New scientific projections showed that sea levels were rising faster than the Intergovernmental Panel on Climate Change projected in its 2007 report, Nunn said.
"We're now looking at a more than one metre (three feet) sea-level rise by the end of the century," he said.
For low-lying coral atoll nations such as the Marshall Islands, Kiribati, and Tuvalu, habitation will become impossible.
"The biggest challenge is getting policy makers to understand the need for a profound change in the way Pacific people live," he said.
"Relocation is one of the most difficult things to talk about and to convince people that the home they've lived in for centuries is no longer a viable option," said Nunn, who has researched climate change for 24 years.
Mitigation and adaptation projects were being proposed for low-lying areas to withstand sea-level rise, but Nunn said "there are no real options in Tuvalu, the Marshall Islands and other atolls other than to move people."
He added the problem was not restricted to atolls.
"In most larger islands in the Pacific, there is much less concern for sea-level rise because they have a hinterland to move to. (But) it's not as easy as it sounds."
For example, in the low-lying Rewa Delta region of Fiji's main island of Viti Levu — which has three times Tuvalu's population of around 12,000 — people would also be affected by rising sea levels, he said.
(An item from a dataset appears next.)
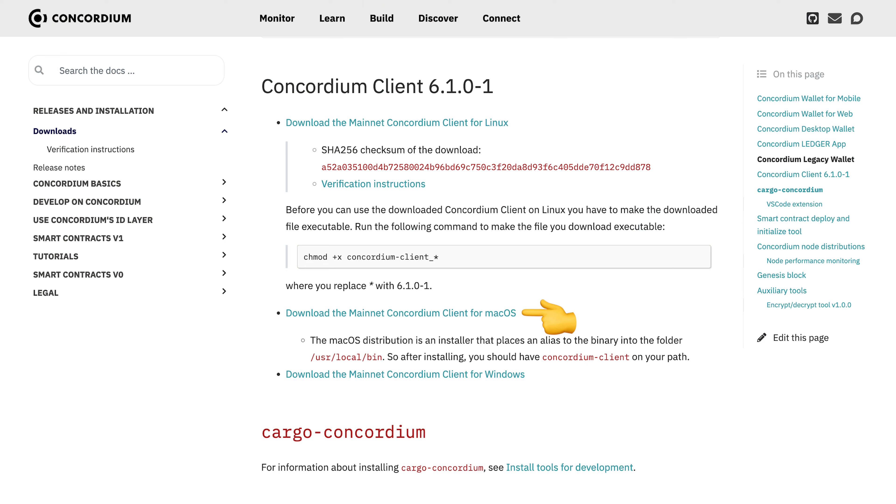On macOS, Concordium Client comes with a simple installer that essentially does the same steps as I just showed on Linux. On Windows, you can run the executable directly or move it to a location on path.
Nunn said political leaders of countries with low-lying areas must urgently start planning for relocation.
"If relocation is to happen by 2050, then by 2020 a plan must be in place," he said.
David Sheppard, the director of the Samoa-based Secretariat of the Pacific Regional Environment Program (SPREP), told the opening of the meeting there was a need for better science and observation in the region to devise ways to adapt to climate change.
Significant funding is now becoming available from developed nations but problems associated with accessing the funds, reporting on projects and implementing them were causing problems for the tiny island nations.
Sheppard said there was a need for effective coordination between donors to ensure the best results for Pacific island countries.
Marshall Islands government chief secretary Casten Nemra called on the 14 Pacific nations and territories represented at the meeting to "speak with one voice, to be the global champion of climate change."
Nemra recalled an ocean wave surge that coincided with a high tide in December, inundating many islands in his nation.
"Seven hundred people were displaced, many houses were destroyed, one million US dollars in infrastructure was damaged and crops were damaged from salt-water intrusion," he said.